Para explicarmos o fenómeno das “maldições”
que estão presentes na história do cinema, basta recuarmos até ao ano de 1922,
mais concretamente em Outubro dá-se a maior descoberta da humanidade (um século
após a decifração da Pedra da Roseta por Jean-François Champollion): Descobre-se
o túmulo de Tutankhamon.
Nesta história temos que procurar vários
mosaicos, o primeiro leva-nos a encontrar no meio das areias do tempo duas
personagens que ficarão para sempre ligadas a este momento: Howard Carter e
Lord Carnavon. Nem um, nem outro são pessoas vulgares. Têm ambições, angústias
que serão um dia referidas em ensaios, documentários e em romances de temática
egiptológica – “O caso Tutankhamon” e o “Egiptólogo” -. Mas voltemos ao
cerne da questão onde se encontram as duas personagens de charneira da nossa
aventura pela demanda da egiptologia e daquilo que ela viria a desencadear no
futuro. Após a abertura de uma das câmaras funerárias, alguns dos membros da
equipa das escavações começam a adoecer. O que terá passado? Acordaram o
espírito do faraó menino? Espoletaram a fúria dos deuses adormecidos? É que
nesse período a imprensa começa a desenvolver uma série de teorias sobre as
indisposições dos membros da equipa. Eis que o inesperado o acontece quando um
dos membros dessa expedição adoece, designadamente um dos líderes da expedição
arqueológica.
As pessoas e os jornais crêem que a
maldição da múmia está bem próxima de cada um deles, pois os arqueólogos ao
entrarem na câmara funerária terão desafiado as velhas maldições. Mas será
mesmo isso?
Encontramo-nos diante desse túmulo e
pela primeira vez desde milhares de anos é aberto... é claro que todas as
consequências que se lhe seguem não são inocentes para uma imprensa na esperança
de semear o “terror” e pouco informada.
Se alguém adoece misteriosamente pelo
facto de entrar num local selado há milhares de anos não será por uma maldição
ou praga lançada aos mesmos milhares de anos. O que a imprensa de então, e
também os médicos não perceberam foi que aqueles homens estiveram num local que
durante milhares de anos estivera fechado e ao ser aberto ao exterior libertou
um conjunto de bactérias, vírus, poeiras e outros microrganismos...
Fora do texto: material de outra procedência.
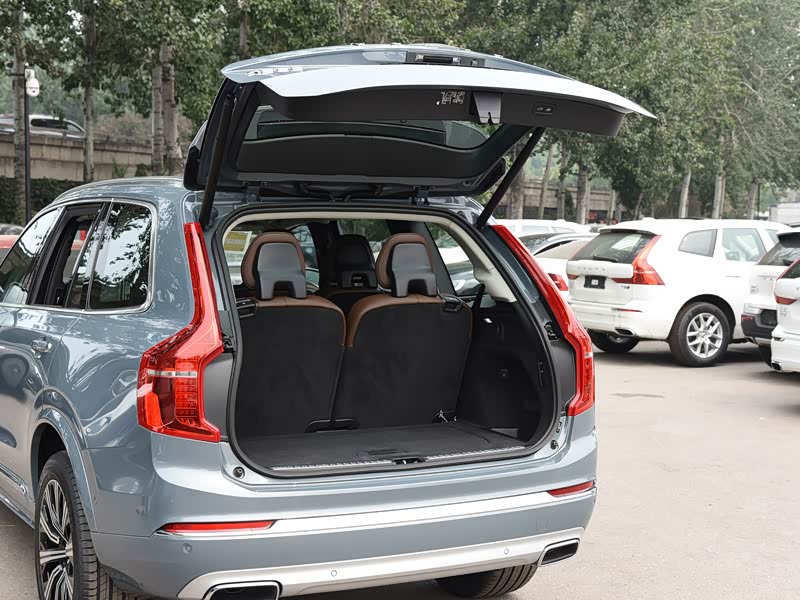 沃尔沃(进口) 沃尔沃xc90 2020款 t6 智雅豪华版 7座 车厢座椅 已经是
Tal como se de um romance policial se
tratasse coisas estranhas começam a acontecer... e os jornais é claro, não
querem perder o mote, aumentando a desconfiança e a crendice!
É aqui que começam as histórias de
maldições por terem afrontado o espírito e o túmulo do Faraó. Tinham o
acordado; mas em pleno século XX, com o desenvolvimento da ciência, tendo já
conhecimento das pesquisas de Loius Pasteur, será isto possível meus senhores?
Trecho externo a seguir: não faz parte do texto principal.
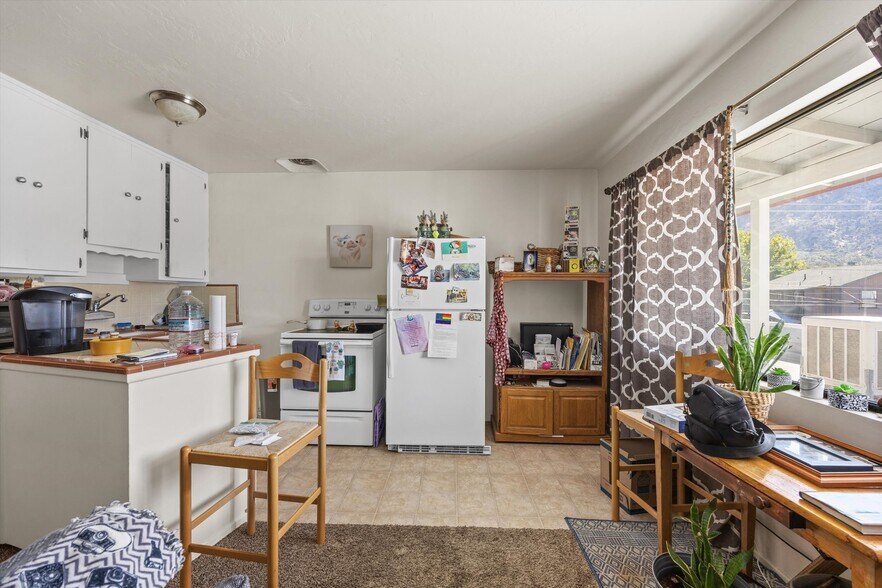 More Photos Of 16 Tobias St, Kernville Storefront Retail Residential For Sale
Não, é claro que eles não sabiam que a sala do túmulo havia adquirido bactérias
e todo um outro conjunto de microorganismos que se tinham desenvolvido
naquele espaço concreto e isolado do resto do mundo, e ao qual as pessoas do mundo exterior ficariam
vulneráveis ao entrar nele.
Mas todo este “segredo” só será desvendado
muitos anos depois após a larga imaginação dos escritores e realizadores terem
já semeado a desconfiança, a crendice e a fantasia.
Acreditamos que as múmias nem se quer
sabiam que seriam um espectáculo rentável que levaria uma multidão de fãs a procurar
a partir daí histórias fantásticas de seres do passado que confundiam arqueólogas
com as suas bem amadas...
2. A decifração dos segredos
No fundo a descoberta da Sala de Tutankhamon
vale pela excepcional beleza ao conter, pela primeira vez na história da
arqueologia, um espólio completo de um Faraó que morreu muito novo. Esta talvez
tenha sido a maior descoberta do século passado.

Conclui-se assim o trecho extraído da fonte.